Reason and Proper Function: A Response to Alvin Plantinga

My new book, published by Public Philosophy Press, Reason and Proper Function: A Response to Alvin Plantinga, has been released. The book may be ordered on Amazon or from any book retailer. Here is a blurb from the back of the book.

Philosopher, Edmund Gettier, famously challenged the sufficiency of the justified true belief (JTB) formulation of knowledge with his 1963 paper “Is Justified True Belief Knowledge?”. The “Gettier problem” has been a potential source of skepticism for many students of philosophy. Alvin Plantinga, seeking in part to address the fallout from the challenge Gettier poses to contemporary epistemology, proposes that there is an error with the way we have been envisioning what knowledge is.

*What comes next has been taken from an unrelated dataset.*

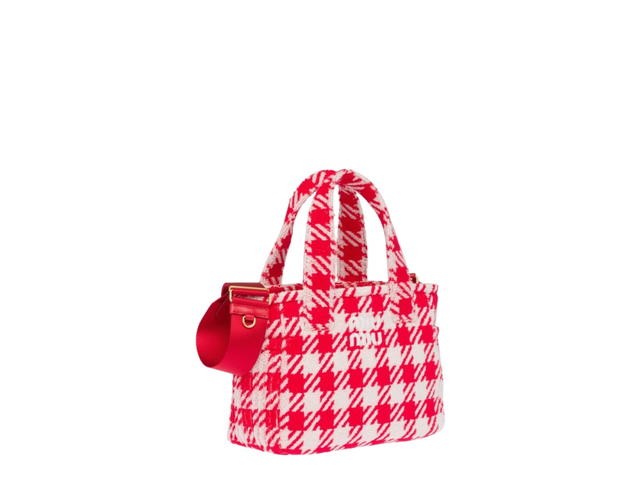 Miu Miu Miu Miu Terry Cloth Handbag Red Ivory - view 2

Plantinga, in his three-volume set on Warrant, argues that justification is not necessary for knowledge. Instead, what he offers is warrant, where a true belief becomes knowledge by virtue of its being formed by cognitive faculties functioning properly in an appropriate environment and according to a good design plan. Plantinga’s new formulation of knowledge does not avoid skepticism.

Kelly Fitzsimmons Burton, in this small volume, provides critical analysis of the element of “proper function” in Plantinga’s reformulation of the definition of knowledge. She argues that reason in itself, as the laws of thought, cannot malfunction, nor can our cognitive faculties, or our use of reason. She argues that we should retain the original JTB account of knowledge with an added “carefulness criterion” to address some legitimate concerns raised by the Gettier problem.